++++ Exercise input

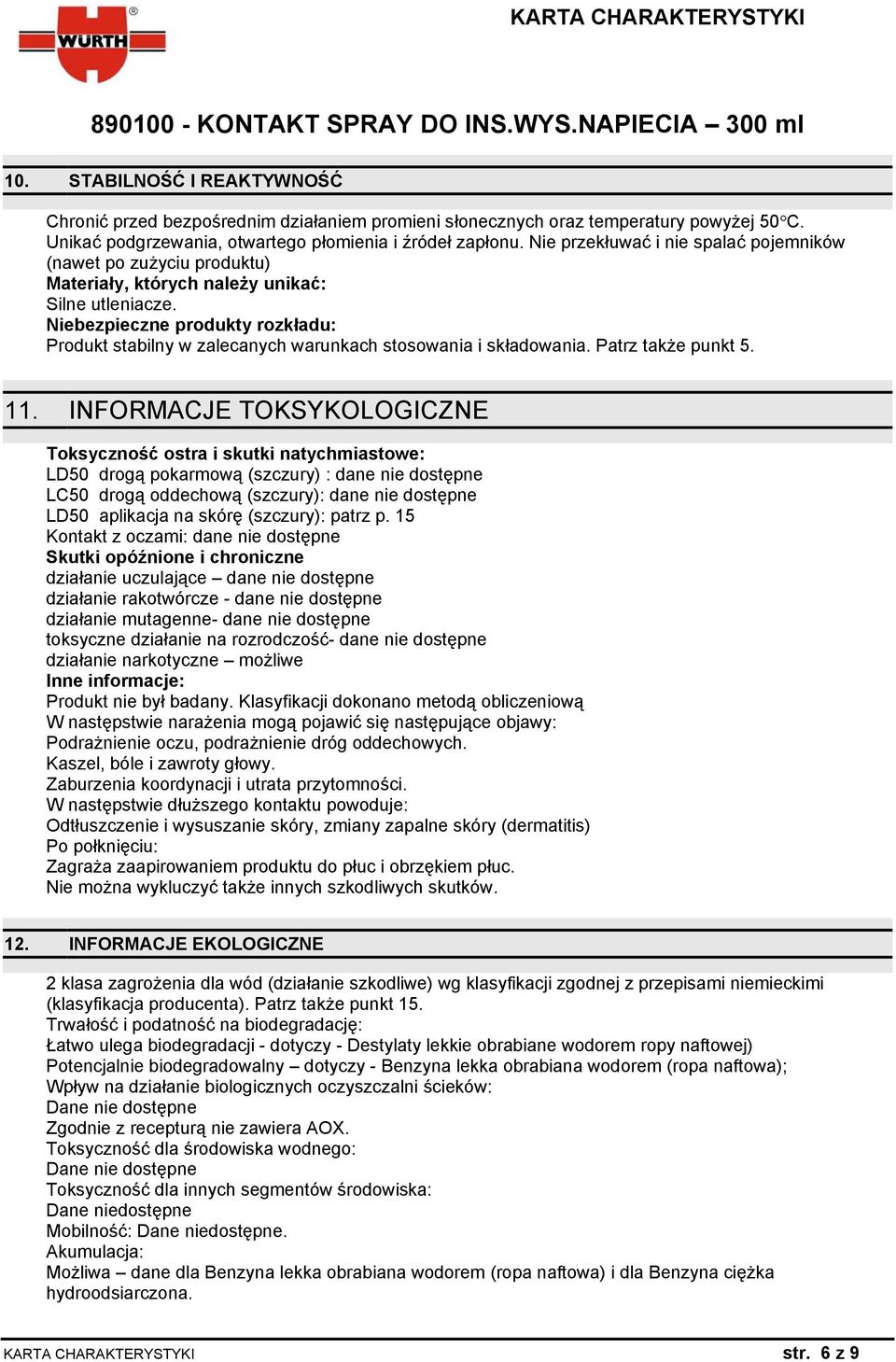 Niebezpieczne produkty rozkładu: Produkt stabilny w zalecanych warunkach stosowania i składowania. Patrz także punkt 5. 11.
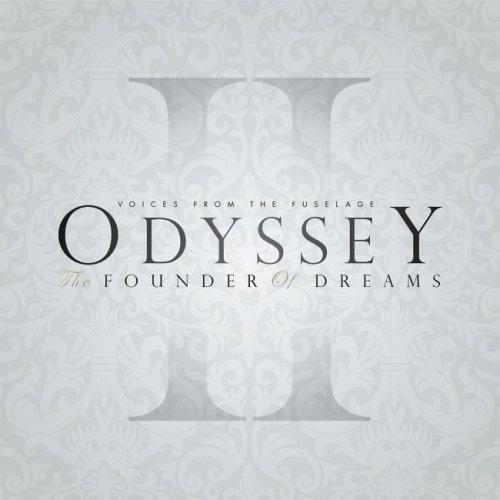 Voices From The Fuselage - Odyssey II: Founder of Dreams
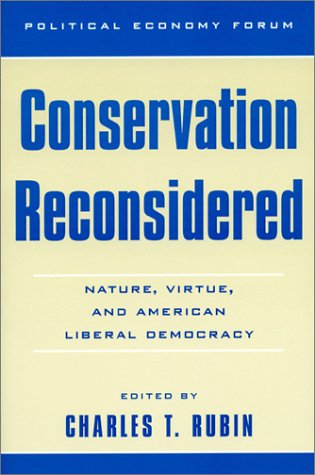 Beispielbild fr Conservation Reconsidered: Nature, Virtue, and American Liberal Democracy (The Political Economy Forum) zum Verkauf von Book Lover's Warehouse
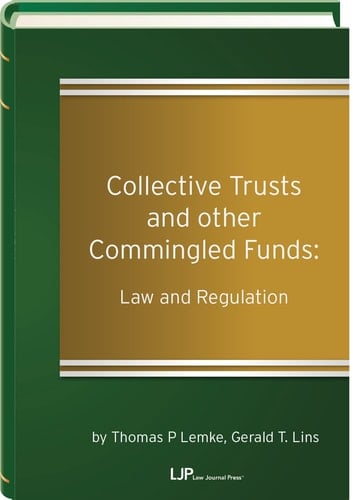 Collective Trusts and Other Commingled Funds Law and Regulation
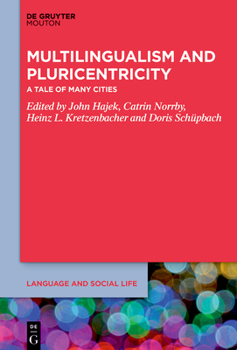 Hardcover Multilingualism and Pluricentricity: A Tale of Many Cities Book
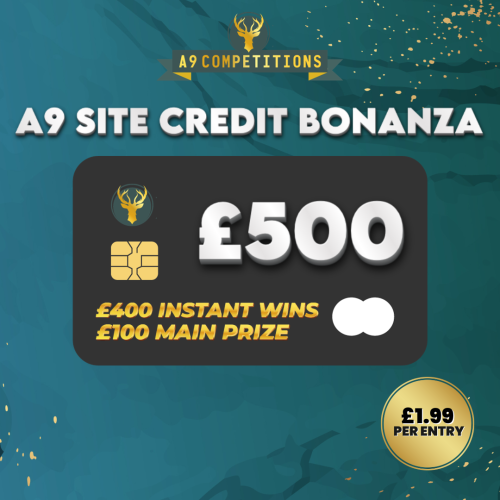 £500 SITE CREDIT BONANZA - £100 SITE CRED JACKPOT, £400 SITE CRED INSTANT WINS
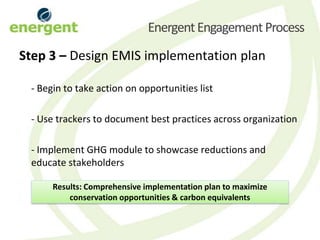 Energent Engagement Process
Step 3 – Design EMIS implementation plan

 - Begin to take action on opportunities list

 - Use trackers to document best practices across organization

 - Implement GHG module to showcase reductions and
 educate stakeholders

      Results: Comprehensive implementation plan to maximize
          conservation opportunities & carbon equivalents
 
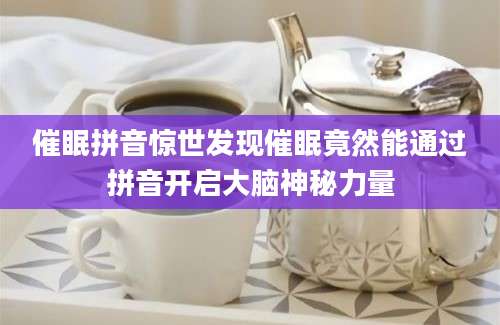 催眠拼音惊世发现催眠竟然能通过拼音开启大脑神秘力量
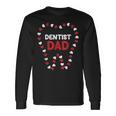 Dentist Dad Fathers Day Dental Assistant Hygienist Papa Men Long Sleeve T-Shirt Gifts ideas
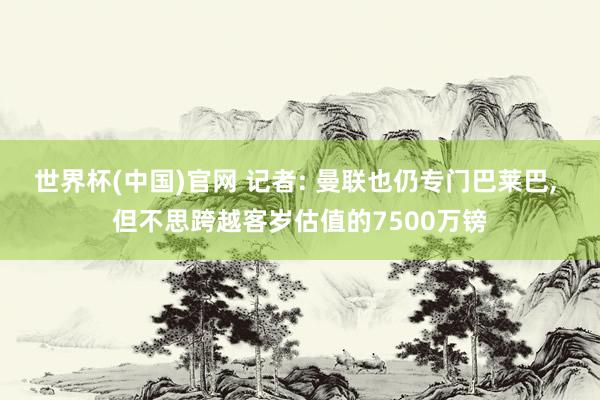 世界杯(中国)官网 记者: 曼联也仍专门巴莱巴， 但不思跨越客岁估值的7500万镑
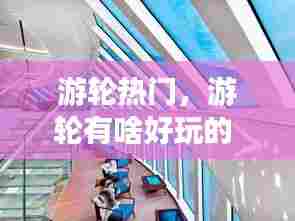 游轮热门,游轮有啥好玩的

++++++++

#### The problem:
Pictures aside, write out verbatim every line from the first line of the material through the line holding "- Use trackers".

#### Result:
 Niebezpieczne produkty rozkładu: Produkt stabilny w zalecanych warunkach stosowania i składowania. Patrz także punkt 5. 11.
 Voices From The Fuselage - Odyssey II: Founder of Dreams
 Beispielbild fr Conservation Reconsidered: Nature, Virtue, and American Liberal Democracy (The Political Economy Forum) zum Verkauf von Book Lover's Warehouse
 Collective Trusts and Other Commingled Funds Law and Regulation
 Hardcover Multilingualism and Pluricentricity: A Tale of Many Cities Book
 £500 SITE CREDIT BONANZA - £100 SITE CRED JACKPOT, £400 SITE CRED INSTANT WINS
 Energent Engagement Process
Step 3 – Design EMIS implementation plan

 - Begin to take action on opportunities list

 - Use trackers to document best practices across organization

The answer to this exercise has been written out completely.